Sept. 6, 2019
In the rental industry, you’ve probably heard operators and fellow property managers throw around the term “background check.” Typically, this is used as an umbrella term that includes different types of information searches. These searches are particularly prevalent among long-term rentals where the rental agreement is a bigger commitment, and untrustworthy tenants are far too costly. To protect themselves, long-term rental companies perform deep background checks, which include verifying a potential tenant’s identity, checking their credit score to make sure they’re in good standing, calling employers to confirm their employment history and yearly income, requesting bank statements to make sure they can afford the rent, finding out where they currently live and why they’re moving, calling former landlords to get a sense of whether they’re an agreeable tenant, and, if they’re really serious, a criminal record check.
This extensive list requires a huge time investment, additional costs ranging from $20 -$50 per person, not to mention consent from the potential tenant and the assistance of multiple external sources, like employers, landlords, and the police in the case of a criminal record check.

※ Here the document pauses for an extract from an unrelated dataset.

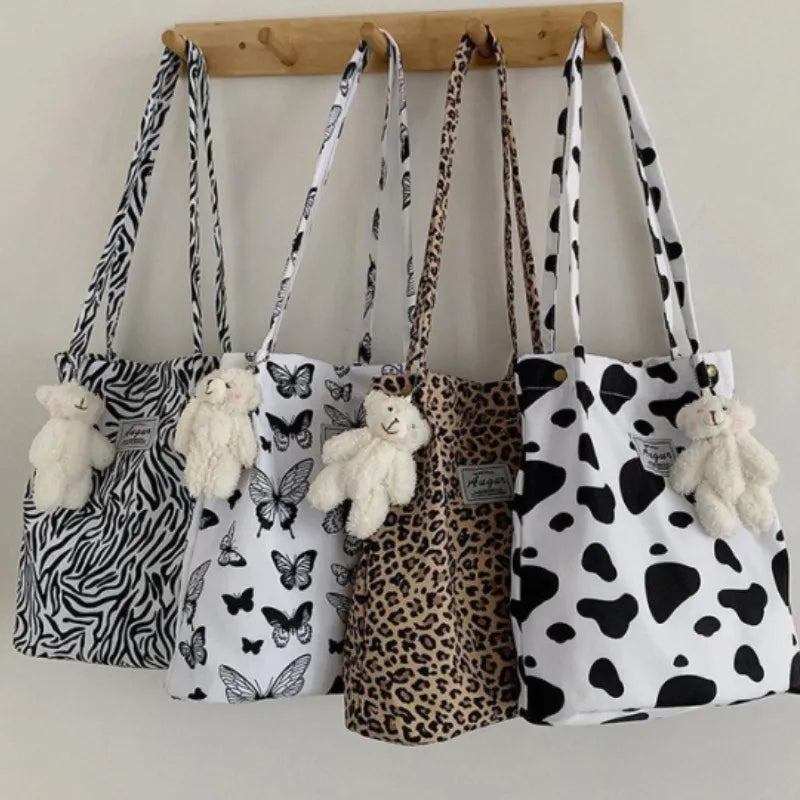 Lady Glams Big Casual Leopard Print Canvas Tote Bag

While it would be ideal if short-term rentals could operate at a similar level, the industry is often too fast-paced to go to these lengths. With such frequent turnovers, you have to rely heavily on information provided by the online travel agencies (OTAs), which is limited to the guest’s name, date of arrival, length of stay and other non-personally identifiable information.
That’s why it’s important for short-term rental companies to perform their own version of a background check, one designed for the hospitality industry. Short-term rental companies should have a streamlined process to properly screen guests, set house expectations and collect personally identifiable information that abides by all privacy laws. In doing this, you need to verify the guest's ID and payment method, research the guest's booking history and gather pertinent trip details, such as where the guest is travelling from, the reason for their stay and how many guests will be joining them.
This will help you avoid dealing with situations like a 20-person party, a trashed unit and your cleaner quitting on you mid-day because they’re overworked and tired. By verifying the guest’s identity and ensuring they’re exactly who they say they are, you can avoid these risky reservations and protect yourself against rule violations, parties, loss of revenue, property damage, credit card fraud and identity theft.
But even with the guests that do pass the screening process, it's still important to set expectations. This will ensure that there's no room for any misunderstandings. Property managers should have guests review and agree to all of the short-term rental's house rules, holding guests accountable for their actions. Guests who violate the rules should be evicted; no questions asked.
In the short-term rental industry, guest screening is the only way to protect your properties. It’s also our duty as operators to rent responsibly, thereby keeping our neighbourhoods and communities nuisance- and disturbance-free.
Running a full background check on your guests, much like a long-term rental, is too costly and complicated for the short-term rental operator. So, next time a property owner inquires about background checks, set the record straight. Responsible property management companies perform accurate, systematic and fair screenings of guests because that’s the non-intrusive, legal and non-discriminatory way to guard your operations. With proper and responsible guest screening, your neighbours, building staff and communities will thank you.